The Aid to and Incentives to Municipality (AIM) program distributes state aid to municipalities to use however they wish.

Governor Cuomo’s 2019-20 executive budget proposes the elimination of AIM funding for municipalities whose AIM amount is less than 2 percent of their local fiscal year 2017 expenditures.

If passed, the proposal would cut $16.4 million from the budgets of approximately 90 percent of the state’s villages. It would also cut about $42.7 million from the budgets of the state’s towns.

Maybrook will lose $13,179 in funding, Walden will lose $47,095, and the Village of Montgomery will lose $14,162, all of which represent less than .5 percent of each village’s 2017 expenditures.

Crawford will lose $23,088, or .28 percent of its 2017 expenditures. Montgomery will lose $68,115, Gardiner $16,097 and Shawangunk $33,467, each of which represent around .5 percent of 2017 expenditures.
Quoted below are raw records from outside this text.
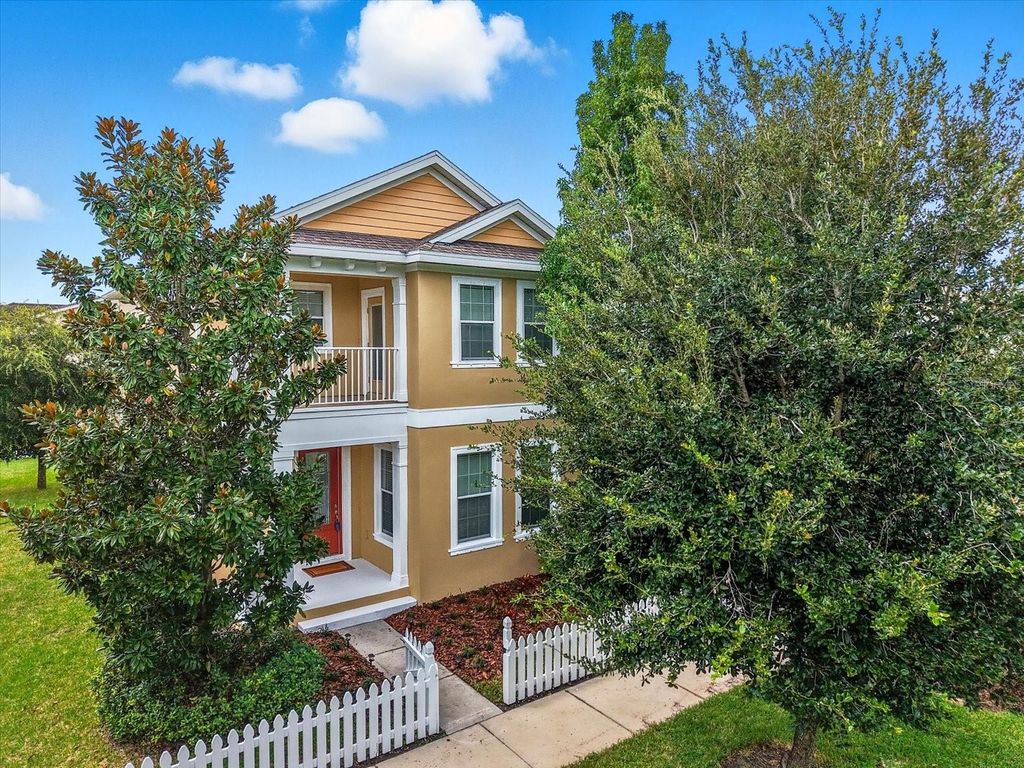 Photo of 11213 Grand Park Avenue, Riverview, FL 33578 (MLS # TB8428945)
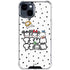 Disney Tsum Tsum Characters Art iPhone 15 Clear Case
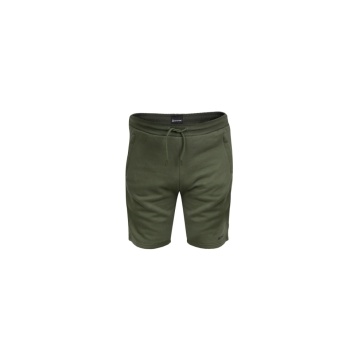 PANTALONI SCURTI SONIK GREEN FLEECE SHORTS M XXL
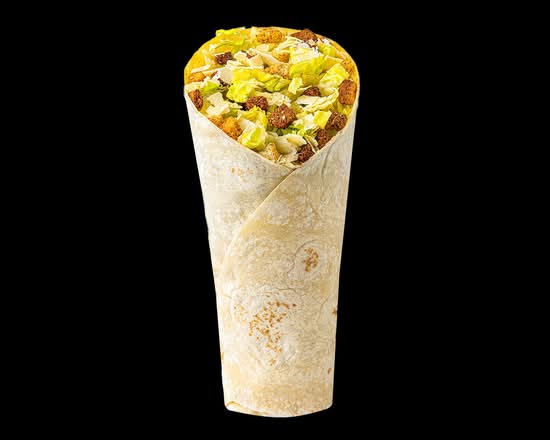 Classic Caesar Wrap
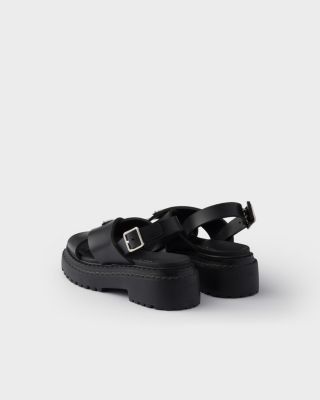  Women's Rubber Sandals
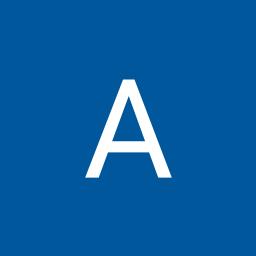 A Person - avatar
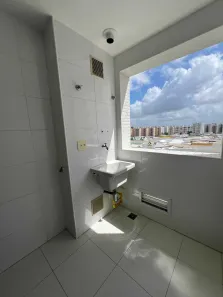 Apartamento com 3 Quartos à venda, 197m² no Jardins, Aracaju
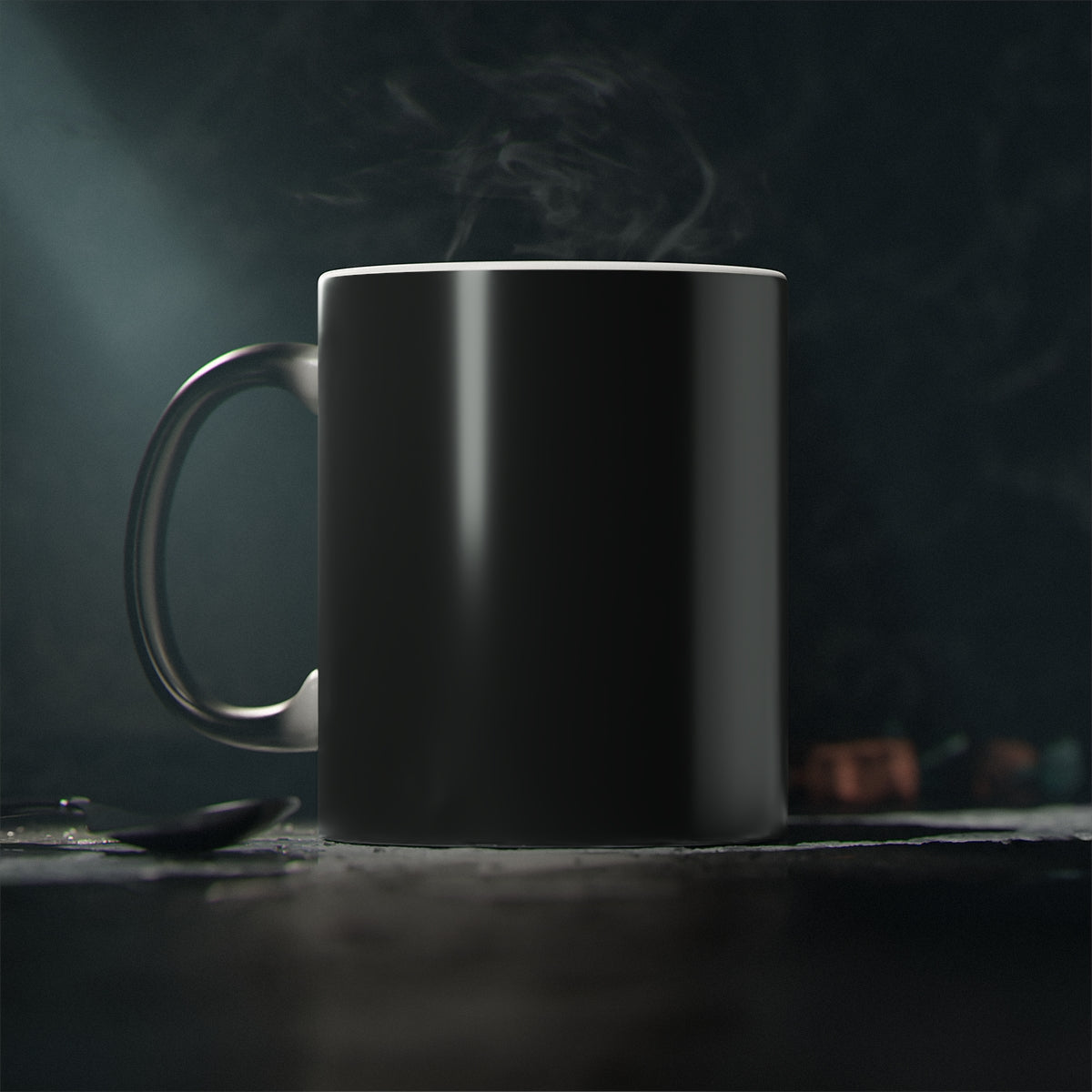 Magic Mug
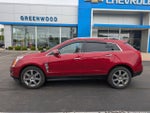 2011 Cadillac SRX Performance Collection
This is not the first state cut to AIM funding. According to Assemblyman Brian Miller's office, AIM was cut by $26 million in the 2010-2011 budget, and by $14 million in the 2011-2012 budget. If it goes through, AIM will lose $59 million.

Villages do not approve their budgets until the deadline of March 20 for tax year 2019-2020, however village mayors agree the cuts will hurt their budgets and taxpayers when the village loses funding it thought it would have.


Maybrook Mayor Dennis Leahy said the cuts make it hard to make ends meet when expenditures continue to increase and funding decreases.

“We need every penny we can get,” Leahy said. “It makes it very difficult for the towns and villages to do their budgets.”

Leahy said it would be premature to comment on whether the cuts would cause tax increases or program cuts.

He has reached out to senator James Skoufis and assemblyman Brian Miller to express his concerns, both of which said they would fight the proposed cuts. Leahy also contacted Cuomo.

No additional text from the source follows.